Thread: seq-scan or index-scan
Dear list, i have a table and i'm selecting all records without a where-condition, and i don't need a ORDER BY: production=*# explain analyse select * from boxes; QUERY PLAN --------------------------------------------------------------------------------------------------------------- Seq Scan on boxes (cost=0.00..990783.99 rows=6499 width=581) (actual time=6.514..4588.136 rows=3060 loops=1) Total runtime: 4588.729 ms (2 rows) It's slow, so i tried with an ORDER BY: production=# explain analyse select * from boxes order by id; QUERY PLAN -------------------------------------------------------------------------------------------------------------------------------- Index Scan using boxes_pkey on boxes (cost=0.00..162437.00 rows=6499 width=581) (actual time=0.065..55.730 rows=3060 loops=1) Total runtime: 56.169 ms (2 rows) Why not using the index (it's a primary key) for the first query? PG 9.1.3 Andreas -- Really, I'm not out to destroy Microsoft. That will just be a completely unintentional side effect. (Linus Torvalds) "If I was god, I would recompile penguin with --enable-fly." (unknown) Kaufbach, Saxony, Germany, Europe. N 51.05082°, E 13.56889°
On 3 Červenec 2012, 17:58, Andreas Kretschmer wrote: > Dear list, > > i have a table and i'm selecting all records without a where-condition, > and i don't need a ORDER BY: > > > > production=*# explain analyse select * from boxes; > QUERY PLAN > --------------------------------------------------------------------------------------------------------------- > Seq Scan on boxes (cost=0.00..990783.99 rows=6499 width=581) (actual > time=6.514..4588.136 rows=3060 loops=1) > Total runtime: 4588.729 ms > (2 rows) > > > It's slow, so i tried with an ORDER BY: > > > > production=# explain analyse select * from boxes order by id; > QUERY PLAN > -------------------------------------------------------------------------------------------------------------------------------- > Index Scan using boxes_pkey on boxes (cost=0.00..162437.00 rows=6499 > width=581) (actual time=0.065..55.730 rows=3060 loops=1) > Total runtime: 56.169 ms > (2 rows) > > > Why not using the index (it's a primary key) for the first query?
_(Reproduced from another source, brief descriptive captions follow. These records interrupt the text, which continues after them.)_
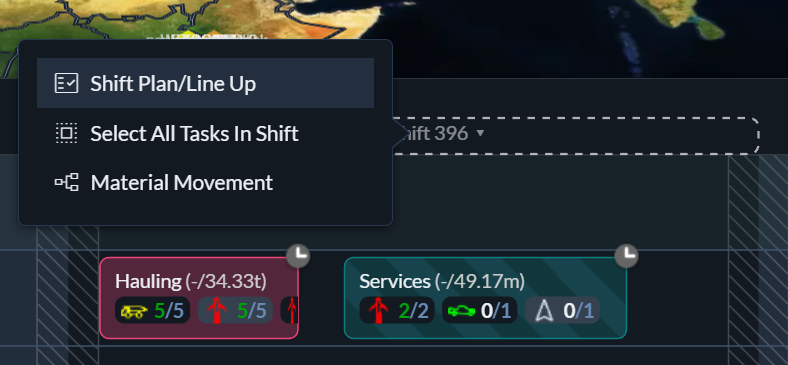 Lineup Menu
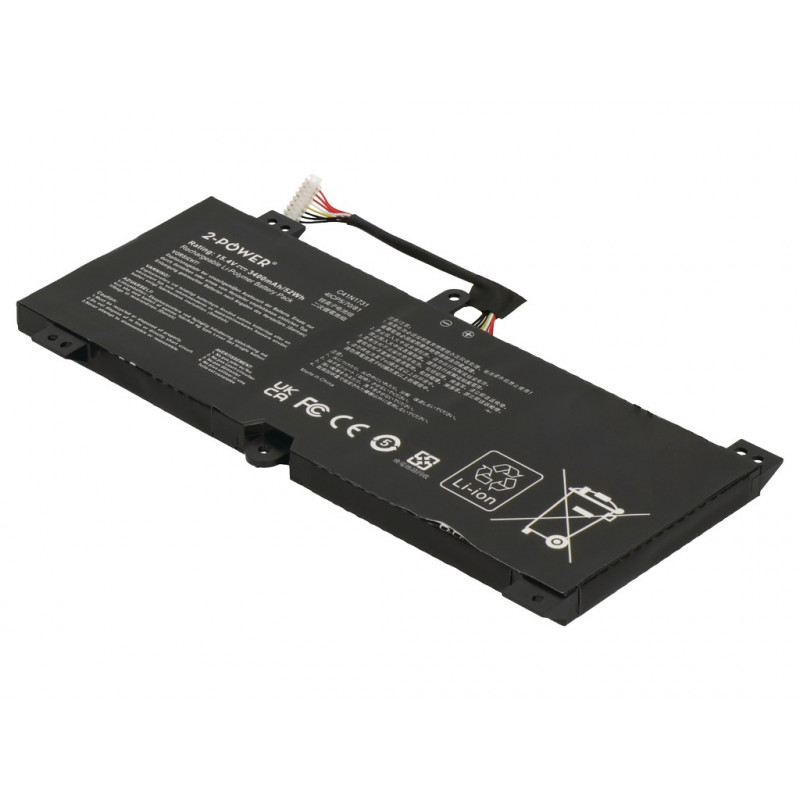 2-power Hauptakku-Pack - Batterie - 52 mAh (2P-C41N1731)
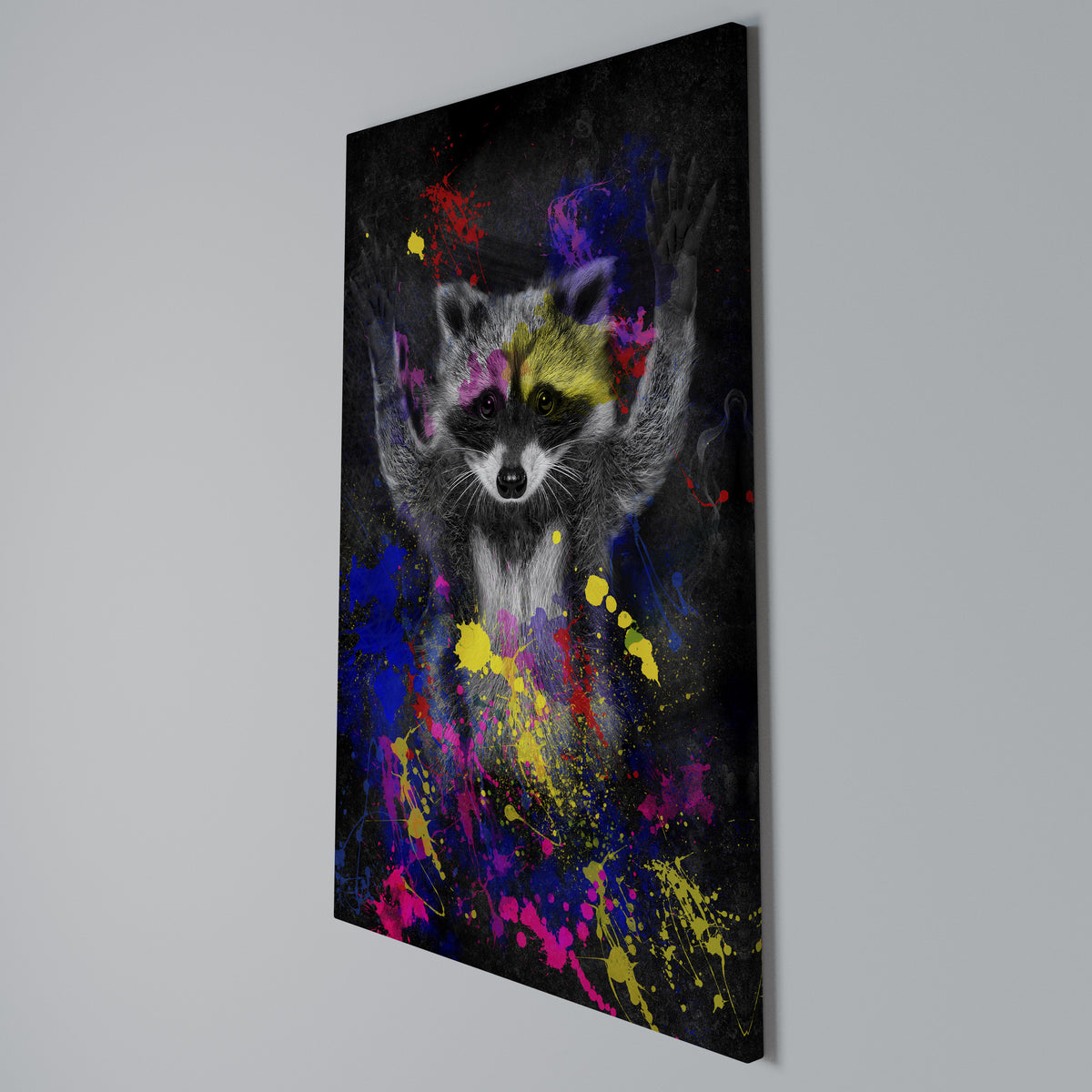 RACCOON ARTISTRY Pionowy obraz na płótnie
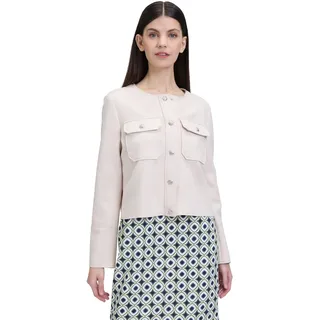 Cartoon Casual-Jacke mit Taschen grün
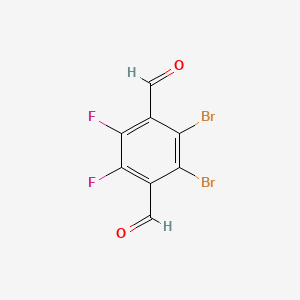 molecular formula C8H2Br2F2O2 B2788672 2,3-Dibromo-5,6-difluorobenzene-1,4-dicarbaldehyde CAS No. 2303565-73-1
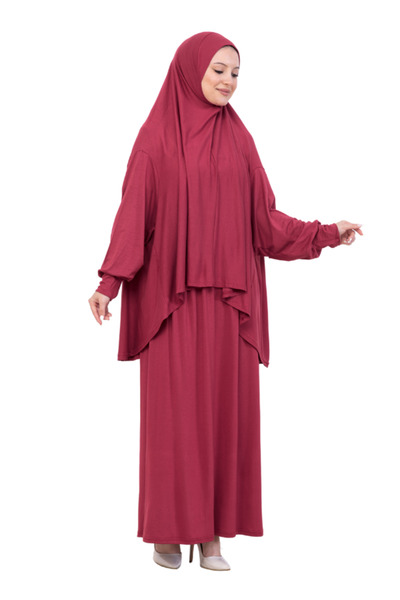 Modish Group Two Piece Prayer Dress – Long Cotton Hijab Clothing Abaya & Headscarf Set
I suppose the second run was cached, i.e. most of the data was in the page cache. And it's not that PostgreSQL can read "just" the index - it needs to check tuple visibility which is stored in the table. Try to do "sync && echo 3 > /proc/sys/vm/drop_caches" and rerun the second query. How did that work? How much data are we talking about anyway? How much RAM is in the server? Tomas
Andreas Kretschmer <akretschmer@spamfence.net> writes: > production=*# explain analyse select * from boxes; > QUERY PLAN > --------------------------------------------------------------------------------------------------------------- > Seq Scan on boxes (cost=0.00..990783.99 rows=6499 width=581) (actual time=6.514..4588.136 rows=3060 loops=1) > Total runtime: 4588.729 ms > (2 rows) That cost estimate seems pretty dang large for a table with only 6500 rows. I suspect this table is horribly bloated, and the indexscan manages to win because it's not visiting pages that contain only dead rows. Try VACUUM FULL, and if that makes things saner, re-examine your autovacuum settings. regards, tom lane
Tom Lane <tgl@sss.pgh.pa.us> wrote: > Andreas Kretschmer <akretschmer@spamfence.net> writes: > > production=*# explain analyse select * from boxes; > > QUERY PLAN > > --------------------------------------------------------------------------------------------------------------- > > Seq Scan on boxes (cost=0.00..990783.99 rows=6499 width=581) (actual time=6.514..4588.136 rows=3060 loops=1) > > Total runtime: 4588.729 ms > > (2 rows) > > That cost estimate seems pretty dang large for a table with only 6500 > rows. I suspect this table is horribly bloated, and the indexscan > manages to win because it's not visiting pages that contain only dead You're right as always ;-) A LOT of updates and dead rows and the table is bloated. (some rows contains more than 1MByte of TEXT and some rows updated once per second or so) > rows. Try VACUUM FULL, and if that makes things saner, re-examine > your autovacuum settings. I can't run a VACUUM FULL because of the workload, but i have decrease the fillfactor. Andreas -- Really, I'm not out to destroy Microsoft. That will just be a completely unintentional side effect. (Linus Torvalds) "If I was god, I would recompile penguin with --enable-fly." (unknown) Kaufbach, Saxony, Germany, Europe. N 51.05082°, E 13.56889°